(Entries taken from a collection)
★ ★ ★
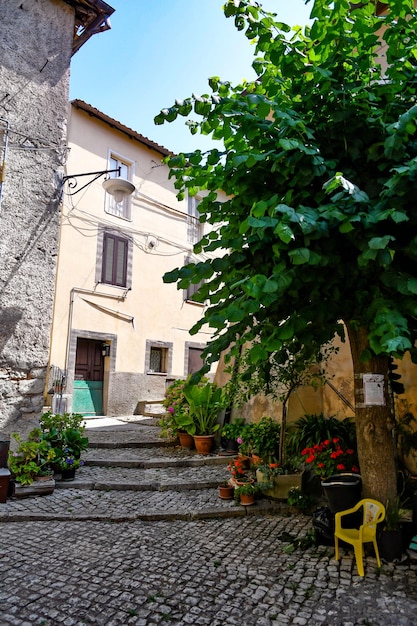 Photo a street in the historic center of maenza a medieval town in the lazio italy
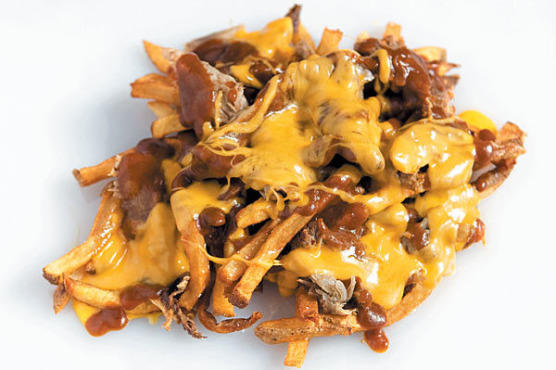 255.x600.eat.Trending.poutine.jpg
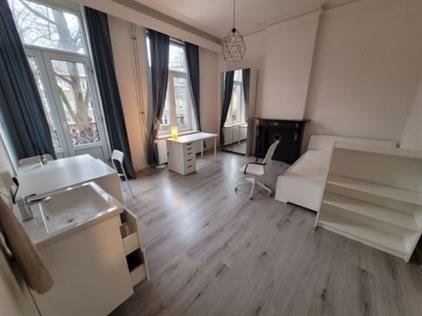 Room for rent 925 euro Statensingel, Maastricht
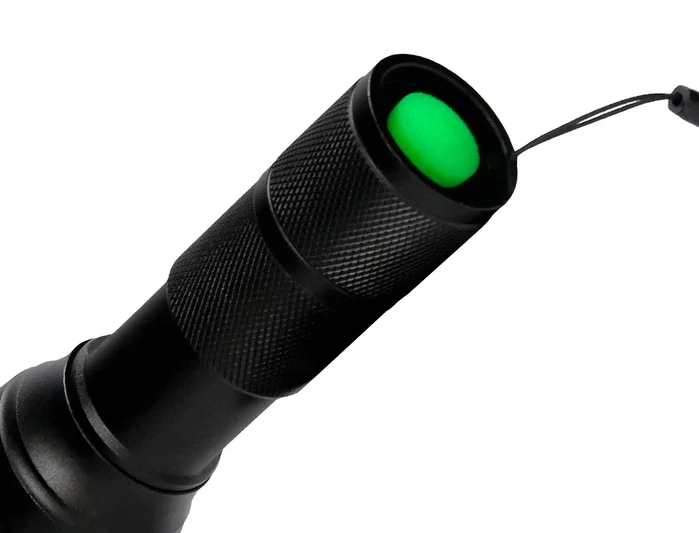 Q-connect Linterna telescópica de aluminio 5W negra Q-connect Linterna telescópica de aluminio 5W negra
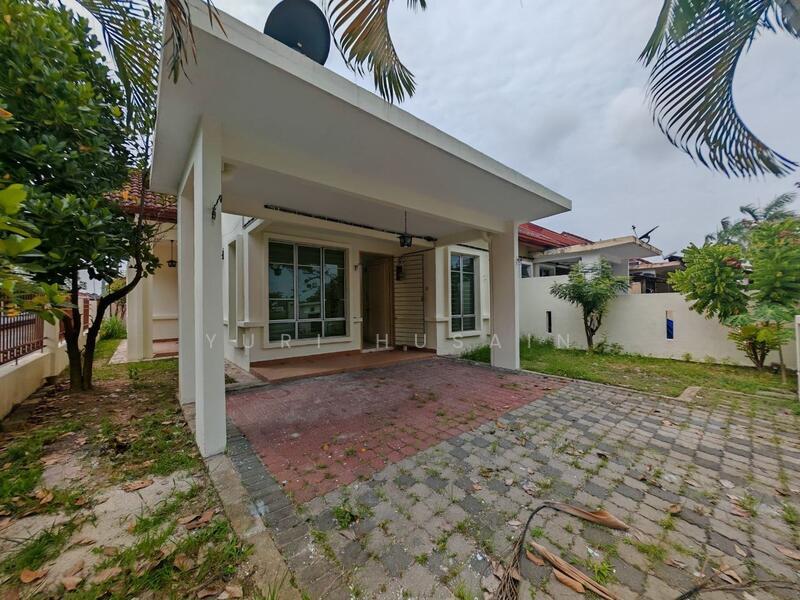 ENDLOT SINGLE STOREY Jalan Makyong,Bdr Bukit Raja - 5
★ ★ ★
Exercise directions :: Leaving pictures aside, give again word for word each line from the one with "255.x600.eat.Trending.poutine.jpg" to the final line of the entries.

Task response ::
 255.x600.eat.Trending.poutine.jpg
 Room for rent 925 euro Statensingel, Maastricht
 Q-connect Linterna telescópica de aluminio 5W negra Q-connect Linterna telescópica de aluminio 5W negra
 ENDLOT SINGLE STOREY Jalan Makyong,Bdr Bukit Raja - 5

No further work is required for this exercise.